Rathbone le devolvió la sonrisa.

– En fin, si usted no puede decirlo, dudo que nadie más lo haga.

Zorah levantó un dedo con delicadeza.

– Touché, sir Oliver

– ¿Y cómo lo mató?

– Veneno, claro. -Enarcó las cejas sorprendida de que hubiese necesitado preguntarlo-. ¿Qué imaginaba? ¿Que creía, que robó una pistola de la armería y le disparó? No habría sabido cómo cargarla. Apenas sabría con qué extremo apuntar. -De nuevo apareció el desprecio-. Y puede que el doctor Gallagher sea un necio, pero no tanto como para pasar por alto una herida de bala en el cadáver de alguien que se supone que ha muerto por accidente de equitación.

– No sería la primera vez que los médicos pasan por alto un hueso roto en el cuello -dijo Rathbone para justificarse-. O una asfixia, si la persona ya estaba enferma y de todos modos no esperaban que se recuperase.

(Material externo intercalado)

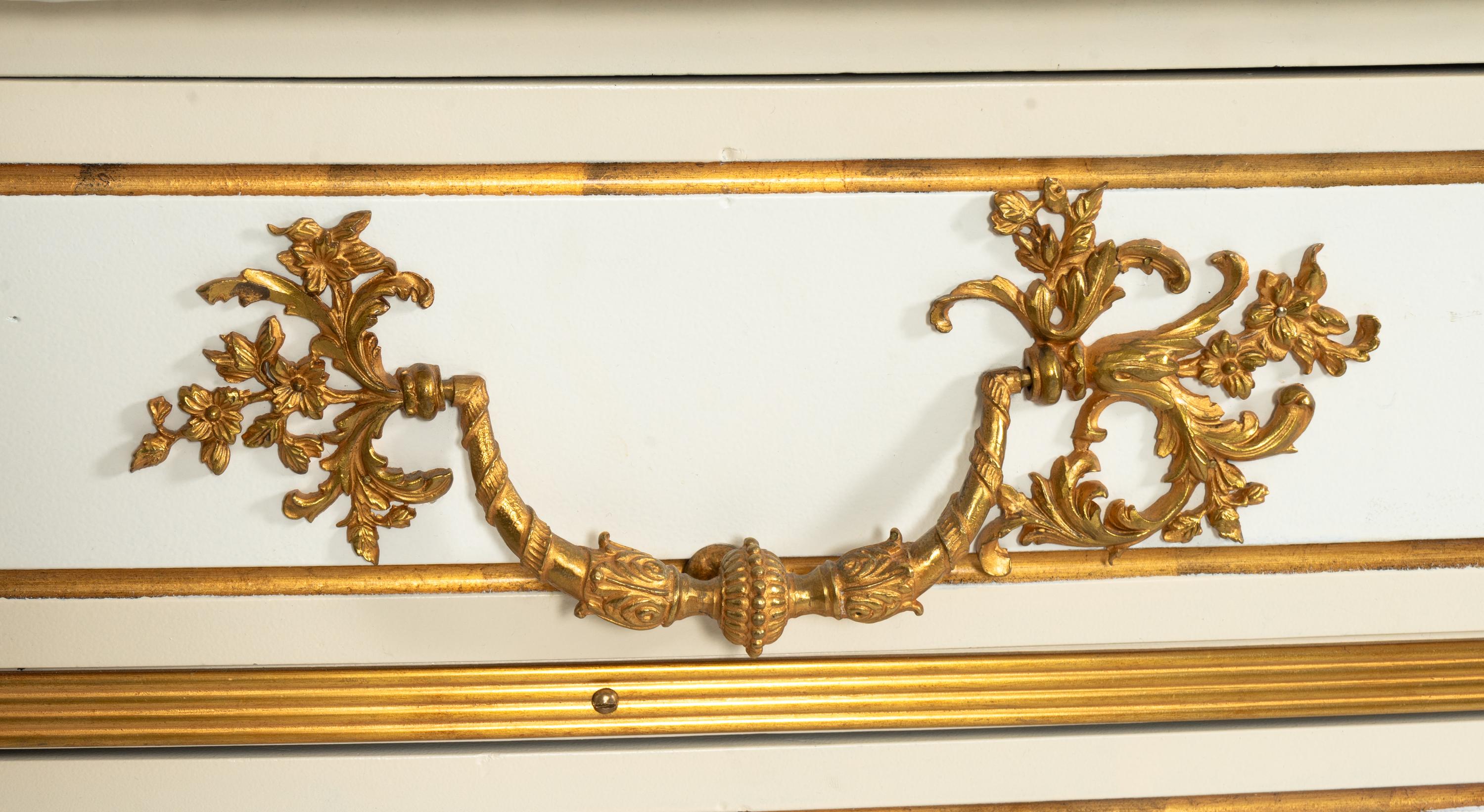 A Pair of Louis XIV Style Cream-Painted and Gilt Bronze Mounted Marble-Top Commodes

Ella compuso una extraña expresión.

– Seguro que sí. Aunque no logro imaginar a Gisela asfixiándolo y, desde luego, no sabría cómo romperle un hueso del cuello. Suena a truco de asesino.

– ¿Así que deduce que lo envenenó? -apuntó Rathbone con calma, sin comentar nada acerca de cómo podría ella saber algo referente a asesinos.

Zorah permaneció inmóvil, mirándolo con ojos resueltos y brillantes.

– Demasiado perceptivo, sir Oliver -concedió ella con un gesto de dolor-. Sí, lo deduzco. No tengo pruebas. De tenerlas, no la habría acusado en público, me habría limitado a ir a la policía. Habría sido acusada y todo esto no hubiera sido necesario.

– ¿Y por qué ahora lo es? -preguntó Rathbone sin rodeos.

– ¿Para hacer justicia? -Inclinó un poco la cabeza. No había duda de que se trataba de una pregunta.

– No -respondió él.

– Entonces, ¿no cree que lo haga por amor a la justicia?

– No lo creo.

Zorah suspiró.

– Tiene mucha razón. De ser así, dejaría que Dios o el diablo se ocuparan de ello llegado el momento.

– ¿Por qué entonces, señora? -la presionó-. Al hacerlo corre usted un gran riesgo. Si no puede defender su afirmación, quedará arruinada, no sólo económica sino también socialmente. Puede incluso que deba enfrentarse a una acusación penal. Se trata de una calumnia muy grave y la ha hecho pública.

– Bueno, ¡no tenía mucho sentido hacerla en privado! -espetó ella con los ojos bien abiertos.

– ¿Y qué sentido tiene haberlo hecho?